From “New York Times” bestselling author Brandon Sanderson’s action-packed novel “Steelheart” comes “Mitosis,” a short story set in the world of The Reckoners series, exclusively available in the digital format.
Steelheart may be dead, but Epics still plague Newcago and David and the Reckoners have vowed to fight back.
Catch all the action before “Firefight,” the exciting sequel to “Steelheart,” hits shelves in January 2015.
Brandon Sanderson is one of the authors I love (and since he comes out with like five new books a week, there’s a lot to love) but I’ve always felt that his longer books are wayyyyy better than his novellas.
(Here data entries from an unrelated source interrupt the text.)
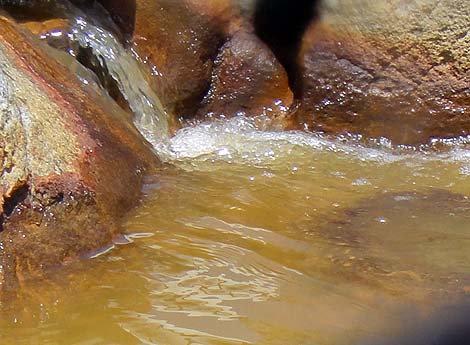 力強い黄土色の強塩泉は山梨では珍しい「甲斐駒ケ岳温泉 尾白の湯」（山梨北杜）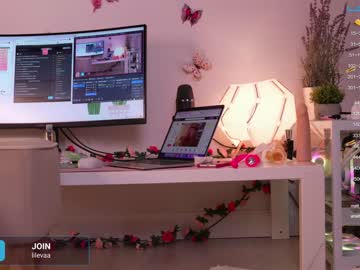 webcam girl lil_eva live cam image #5748311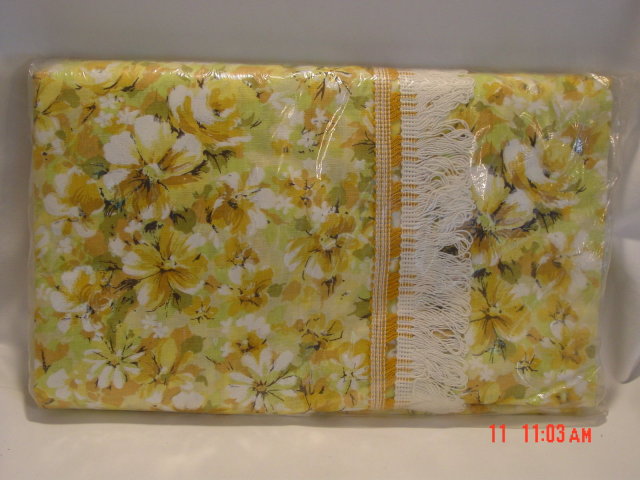 Vintage 1960's Springmaid Moonflower Bedspread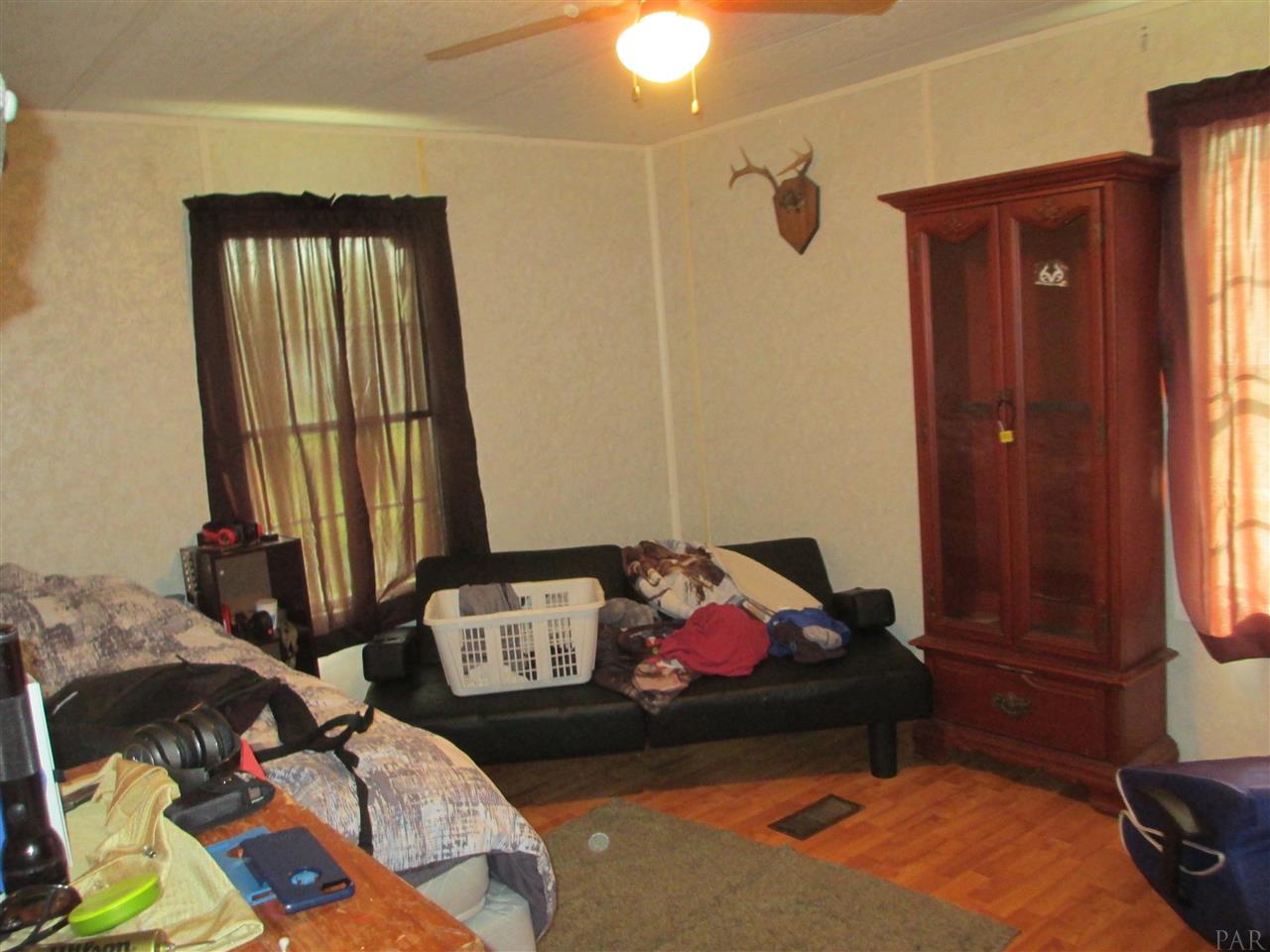 7944 Parker Road Milton, FL 32570 - Photo 16 of 29 Gallery Image 16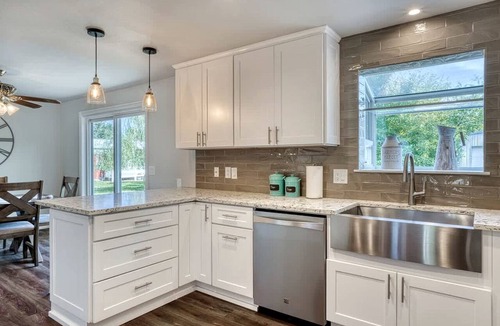 Dalton Gardens House | Spacious 5BR Retreat with Hot Tub & Fire Pit Near Coeur d'Alene
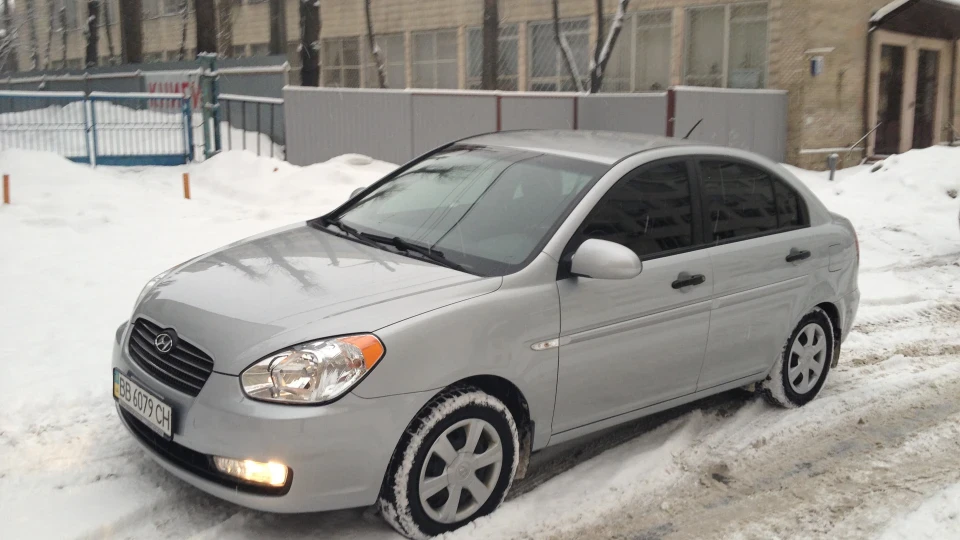 Hyundai Accent "Raven" 4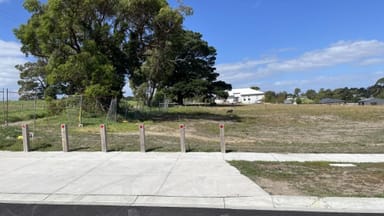Property 9 Jasmine Street, Bunyip VIC 3815 IMAGE 0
That’s not how I feel about Mitosis.
Mitosis chronicles an encounter between the Reckoners and a villain who can generate clones of himself, and is set after the events of Steelheart (which means you should only read this after completing that, unless you get some sort of weird high from not knowing what is going on).
Let’s make it clear: I think Mitosis barely even qualifies as a novella. It’s short. Really short. I’m talking finish-in-one-bus-ride-to-town short, and that’s coming from a glacial reader like me who took days to finish the minibook that is We Were Liars.
Its brevity actually helps, though. Instead of trying to stretch a short story’s worth of content (like with the boring Mistborn novellas), Sanderson just hits the ground galloping – the book is nonstop action from start to (really quickly) end. Sanderson’s trademark knack for engaging, fast-moving plots is in full force here, minus an inexplicably detailed city description in the middle.
Plus, the fact that this villain was introduced and resolved in this single story, like some sort of monster-of-the-week to fill in episodes between epic arcs, feels like a cool nod to the genre.
Despite its brevity and “filler” feel, though, the book does actually help bridge Steelheart to the next book, offering a glimpse into the world immediately following the events of the first title.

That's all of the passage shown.